Managing up is simpler than that. It means understanding what your manager needs from you and delivering it proactively. It means reducing the number of surprises they face. It means making their decisions easier by presenting options instead of problems.
What Good Managing Up Looks Like
When I report to my manager on project status, I do not just share what happened. I share what happened, what it means, and what I recommend we do about it. "Sprint velocity dropped fifteen percent" is a data point. "Sprint velocity dropped fifteen percent because we lost two days to a production incident, and I recommend we add a buffer to next sprint's capacity" is useful.
I also manage up by being predictable in my communication cadence. My manager knows that every Friday afternoon they will have a one-paragraph status update in their inbox. They do not need to chase me. That reliability builds trust, and trust is the currency of career growth.

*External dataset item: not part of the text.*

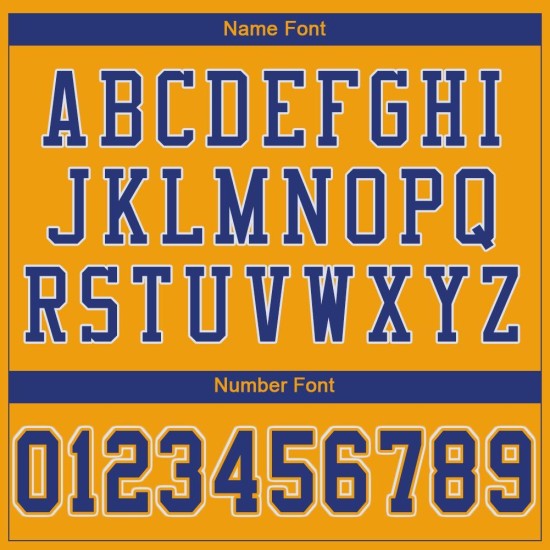 Football Royal-White Jersey Custom Authentic Gold Mesh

The Certification Conversation
When I pursued my A-CSM and CSPO certifications, I did not just ask my manager for approval. I built a case. Here is what the certification covers, here is how it applies to my current role, here is what I will bring back to the team. I framed it as an investment, not a personal request.
What Managing Up Is Not
It is not about being a yes-person. Disagreeing with your manager respectfully is part of managing up. So is giving them honest assessments even when the news is bad. A manager who is surprised by a project failure is a manager who was not managed up effectively.
The best career advice I can give to junior PMs: make your manager's life easier. Not through flattery. Through competence, communication, and reliability. The promotions follow.